▶ [Action item] Write again exactly the lines in the listing below, starting at the line with "Baccarat Damashiro Knife & Board" and ending at the line with "Linde H25T Carrelli elevatori GPL", both included. Pictures are not copied.

▶ [Listed entries]
*** Begin section ***

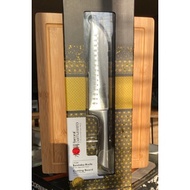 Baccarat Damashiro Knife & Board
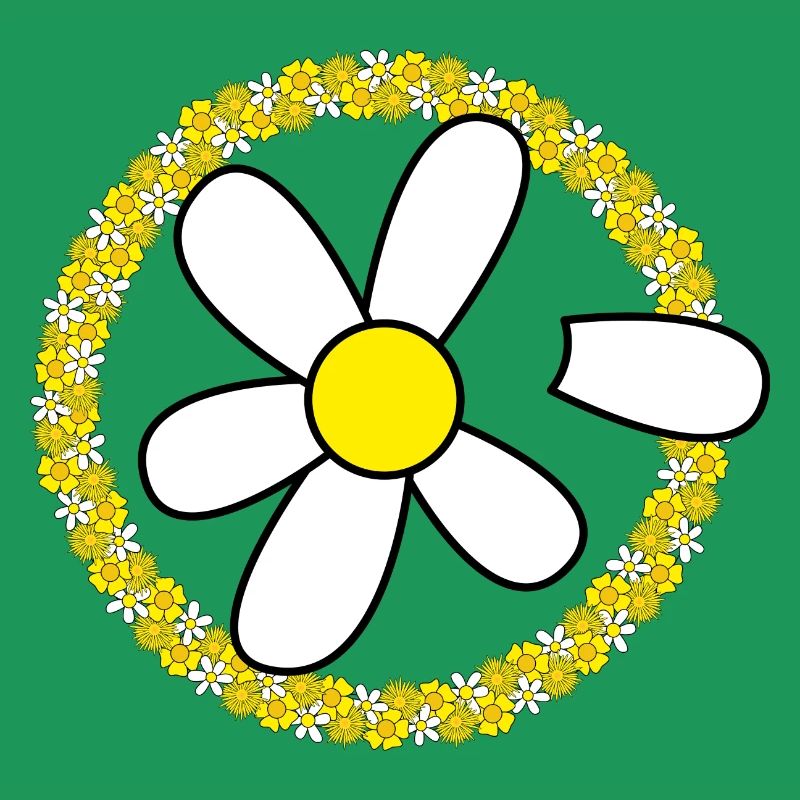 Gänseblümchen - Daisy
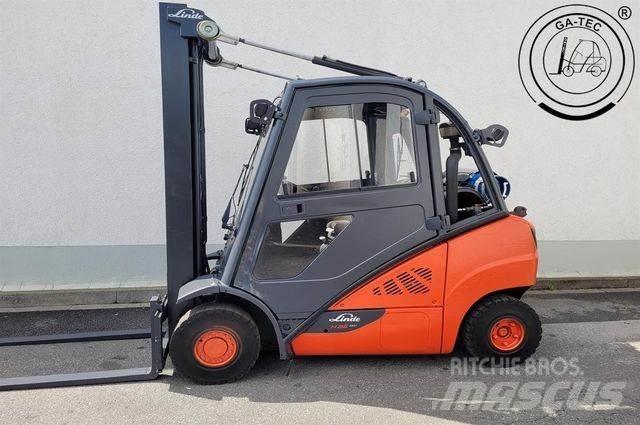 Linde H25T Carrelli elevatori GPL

*** End section ***
*** Begin section ***

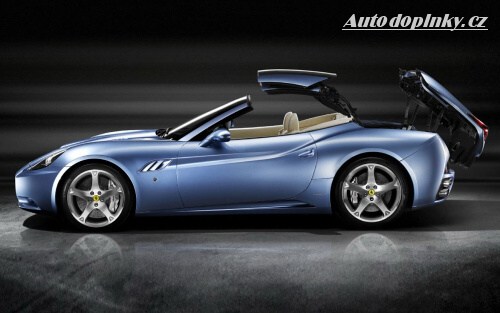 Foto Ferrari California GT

*** End section ***

▶ [Solved exercise]
 Baccarat Damashiro Knife & Board
 Gänseblümchen - Daisy
 Linde H25T Carrelli elevatori GPL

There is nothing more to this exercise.